French Foreign Minister Bernard Kouchner called on Europe on Tuesday to play a bigger role in Iraq because "the Americans will not be able to get this country out of difficulty alone."
"Europe must play a role ... and I hope that other foreign ministers will come and visit Iraq," Kouchner told France's RTL Radio in an interview from Baghdad.
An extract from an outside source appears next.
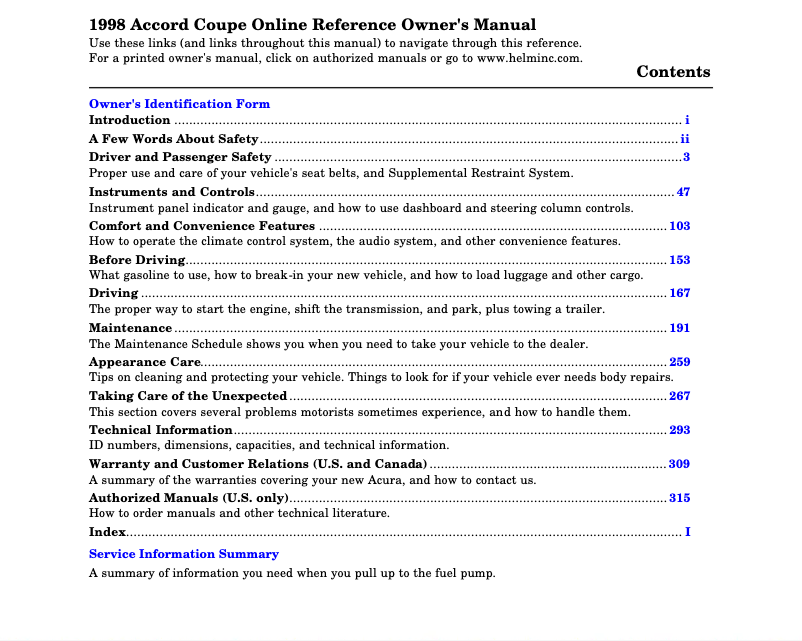Imagen de la primera página del manual del dispositivo Accord Coupe (1998)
He did not say what that role should be.
Kouchner is the first French minister to visit Iraq since the U.S.-led invasion in 2003. France, then under President Jacques Chirac, strongly opposed it and angered President George W. Bush by refusing to join his "Coalition of the Willing."
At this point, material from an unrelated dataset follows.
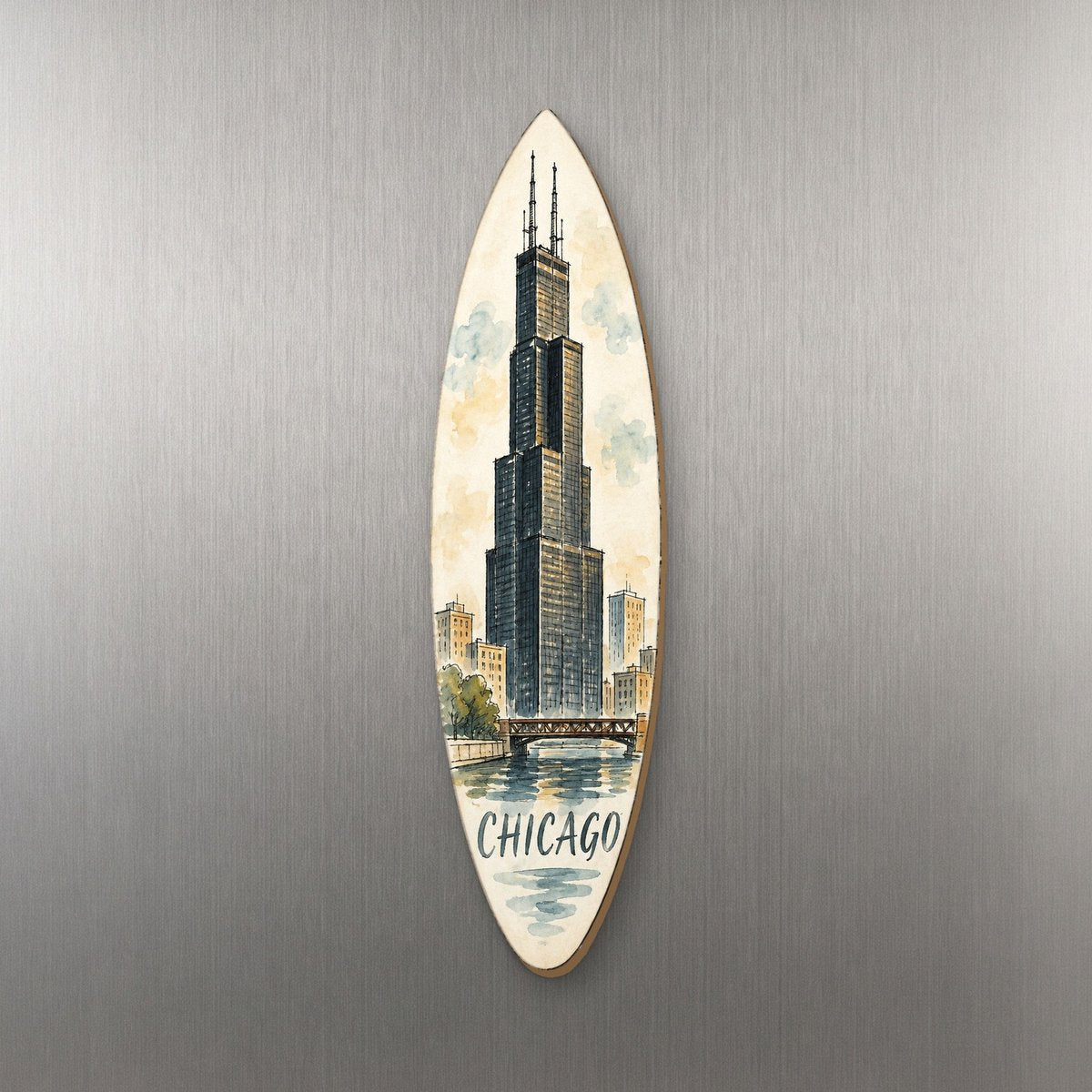 She's Choosing Chicago Magnet | Pen and Watercolor Wash | S148-M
Chirac's successor, Nicolas Sarkozy, has since sought to improve ties with Bush, and Kouchner's visit is seen as a symbolic sign of the new French policy on Iraq.
Kouchner said after three days of talks with Iraq's leaders, including Prime Minister Nuri al-Maliki and President Jalal Talabani, it was clear there was a lack of trust between the different groups.
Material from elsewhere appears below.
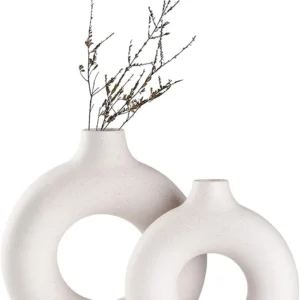 White Ceramic Donut Vase Set of 2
"I felt that there is a lack of trust among the different groups and leaders. Maybe the trust between the people is more than that," Kouchner told reporters through an Arabic translator after talks with Sunni Arab Vice President Tareq al-Hashemi and Foreign Minister Hoshiyar Zebari, a Kurd.
Iraq's national unity government is paralyzed by infighting, with political blocs representing the country's majority Shi'ite Muslims and minority Sunni Arab and Kurdish communities reluctant to compromise to reach a proper power-sharing deal.
The slow political progress towards national reconciliation has frustrated Washington. The United States says it has deployed 30,000 extra troops in the country to give Iraq's political leaders time to reach a political accommodation and reconcile the warring sides.
FAMILY SLAIN
The political crisis is playing out against a backdrop of sectarian violence that has killed tens of thousands and displaced millions since the bombing of a revered Shi'ite shrine in the town of Samarra in February 2006.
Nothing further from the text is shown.